In any case and in essence, without low-threshold community based testing interventions the region will not achieve the first of the three 90 goals.

Laura Fernàndez from CEEISCAT addressed the topic  „Academia, clinics and community-based organisations: what are the perspectives of cooperation“. She pointed out that prevention has the highest priority. The main question is whether testing is targeted at the right groups. Only answering this question can show the hidden part of the iceberg – not yet diagnosed cases - and that is only possible if testing in non-health care settings is performed.

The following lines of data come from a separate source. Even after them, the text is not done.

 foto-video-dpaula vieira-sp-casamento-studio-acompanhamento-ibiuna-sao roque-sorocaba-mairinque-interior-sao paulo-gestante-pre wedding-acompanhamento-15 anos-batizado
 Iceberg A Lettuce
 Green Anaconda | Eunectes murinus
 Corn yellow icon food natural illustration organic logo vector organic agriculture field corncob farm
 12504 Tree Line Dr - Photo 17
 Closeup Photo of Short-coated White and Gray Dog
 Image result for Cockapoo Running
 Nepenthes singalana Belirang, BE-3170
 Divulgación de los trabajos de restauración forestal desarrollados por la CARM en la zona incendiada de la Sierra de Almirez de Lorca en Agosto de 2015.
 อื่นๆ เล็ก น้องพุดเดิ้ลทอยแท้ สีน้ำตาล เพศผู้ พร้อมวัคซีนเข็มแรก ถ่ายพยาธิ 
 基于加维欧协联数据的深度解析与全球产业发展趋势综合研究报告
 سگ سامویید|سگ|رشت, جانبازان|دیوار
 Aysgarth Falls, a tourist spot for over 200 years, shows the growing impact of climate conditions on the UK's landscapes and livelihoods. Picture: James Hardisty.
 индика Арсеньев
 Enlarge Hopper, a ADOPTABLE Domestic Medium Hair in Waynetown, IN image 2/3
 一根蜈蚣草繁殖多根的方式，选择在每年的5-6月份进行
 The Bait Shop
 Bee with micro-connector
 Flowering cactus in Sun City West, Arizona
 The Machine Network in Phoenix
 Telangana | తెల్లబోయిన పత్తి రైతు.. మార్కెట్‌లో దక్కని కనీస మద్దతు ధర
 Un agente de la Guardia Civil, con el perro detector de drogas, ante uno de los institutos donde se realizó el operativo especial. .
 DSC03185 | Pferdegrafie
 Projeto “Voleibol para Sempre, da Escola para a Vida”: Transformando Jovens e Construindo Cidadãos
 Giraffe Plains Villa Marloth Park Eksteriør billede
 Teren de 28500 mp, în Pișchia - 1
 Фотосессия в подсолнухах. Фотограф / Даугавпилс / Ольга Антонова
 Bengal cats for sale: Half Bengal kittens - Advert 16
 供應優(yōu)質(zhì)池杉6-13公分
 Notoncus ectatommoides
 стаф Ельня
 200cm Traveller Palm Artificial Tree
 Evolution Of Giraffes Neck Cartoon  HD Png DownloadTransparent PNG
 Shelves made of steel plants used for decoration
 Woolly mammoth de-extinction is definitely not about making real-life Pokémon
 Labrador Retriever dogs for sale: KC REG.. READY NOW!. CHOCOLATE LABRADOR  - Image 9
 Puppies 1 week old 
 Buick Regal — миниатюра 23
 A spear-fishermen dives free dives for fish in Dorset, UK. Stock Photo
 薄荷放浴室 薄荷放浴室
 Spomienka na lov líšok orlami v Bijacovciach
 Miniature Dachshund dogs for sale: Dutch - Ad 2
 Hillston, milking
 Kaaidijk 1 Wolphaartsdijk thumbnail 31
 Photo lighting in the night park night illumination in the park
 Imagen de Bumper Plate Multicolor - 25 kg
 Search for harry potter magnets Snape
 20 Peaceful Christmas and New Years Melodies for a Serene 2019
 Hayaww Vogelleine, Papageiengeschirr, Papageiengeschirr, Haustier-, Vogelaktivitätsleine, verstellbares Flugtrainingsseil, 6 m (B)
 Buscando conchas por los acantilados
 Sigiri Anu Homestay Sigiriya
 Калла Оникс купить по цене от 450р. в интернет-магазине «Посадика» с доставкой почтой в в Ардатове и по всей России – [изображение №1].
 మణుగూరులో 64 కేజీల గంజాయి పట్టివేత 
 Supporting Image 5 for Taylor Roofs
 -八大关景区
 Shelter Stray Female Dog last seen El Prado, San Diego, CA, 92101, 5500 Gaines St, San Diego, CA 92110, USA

Laura presented the results of the HIV-COBATEST project answering the questions: What is going on in Europe on CBVCT services? How could we measure it? There are great opportunities in the field of CBVCT. Programmes and services in Western Europe have been expanded during the last years and preliminary data show that they can be effective in both reaching the right target populations and facilitating periodical testing to high risk groups. Nevertheless, there is a huge heterogeneity in terms of organisation, stability, size of reached population, observed prevalence and coordination with the formal system.

The HIV-COBATEST and EURO-HIV-EDAT Projects have developed tools to facilitate both Harmonisation and Monitoring and Evaluation of CBVCT programs and services. The COBATEST network can help ECDC and National Ministries to strengthen both the implementation and M&E of CBVCT in Europe. The challenges for CBVCT are quality assurance of the services; coordination with the overall health care system; capacity of systematically collecting good quality data; technical integration with formal surveillance systems; collaboration between the different sectors, which should be based on trust, mutual empowerment, acceptance of each other role and abilities.

The presentations were followed by discussion on different realities for CBVCT in Eastern and Western Europe and highlighted the barriers for cross sectoral cooperation. The participative approach for civil society organisations, joint trainings and simplification of data collection (e.g. using apps) have to be looked in further to overcome existing barriers.